## [AVAILABLE DATA]
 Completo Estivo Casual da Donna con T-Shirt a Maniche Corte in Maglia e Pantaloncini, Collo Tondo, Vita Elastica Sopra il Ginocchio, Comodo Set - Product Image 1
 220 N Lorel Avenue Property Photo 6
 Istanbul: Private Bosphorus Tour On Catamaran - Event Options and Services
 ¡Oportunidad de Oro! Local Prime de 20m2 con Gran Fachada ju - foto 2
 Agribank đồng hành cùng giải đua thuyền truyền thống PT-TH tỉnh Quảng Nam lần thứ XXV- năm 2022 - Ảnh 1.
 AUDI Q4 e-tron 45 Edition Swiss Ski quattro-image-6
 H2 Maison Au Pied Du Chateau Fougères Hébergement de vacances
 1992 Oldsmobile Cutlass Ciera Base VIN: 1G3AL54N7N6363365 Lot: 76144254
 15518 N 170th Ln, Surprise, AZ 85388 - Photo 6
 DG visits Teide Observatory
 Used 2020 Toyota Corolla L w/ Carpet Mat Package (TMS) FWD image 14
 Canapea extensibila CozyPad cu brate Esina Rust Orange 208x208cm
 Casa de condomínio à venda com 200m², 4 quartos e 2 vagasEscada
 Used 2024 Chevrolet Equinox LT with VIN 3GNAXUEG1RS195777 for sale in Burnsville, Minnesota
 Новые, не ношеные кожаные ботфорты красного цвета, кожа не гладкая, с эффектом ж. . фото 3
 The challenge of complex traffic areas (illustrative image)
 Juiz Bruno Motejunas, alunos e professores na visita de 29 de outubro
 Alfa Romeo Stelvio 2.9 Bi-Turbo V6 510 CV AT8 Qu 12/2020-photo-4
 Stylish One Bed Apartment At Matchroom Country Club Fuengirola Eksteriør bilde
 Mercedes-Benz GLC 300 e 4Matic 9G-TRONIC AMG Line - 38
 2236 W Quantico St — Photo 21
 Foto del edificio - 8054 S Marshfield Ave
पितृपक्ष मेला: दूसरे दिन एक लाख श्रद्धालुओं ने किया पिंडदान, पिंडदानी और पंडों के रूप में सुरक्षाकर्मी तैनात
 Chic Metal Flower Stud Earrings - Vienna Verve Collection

## [REQUIRED WORK]
Scan the material above for the string "Used", returning each line that contains it.

## [YOUR SOLUTION]
 Used 2020 Toyota Corolla L w/ Carpet Mat Package (TMS) FWD image 14
 Used 2024 Chevrolet Equinox LT with VIN 3GNAXUEG1RS195777 for sale in Burnsville, Minnesota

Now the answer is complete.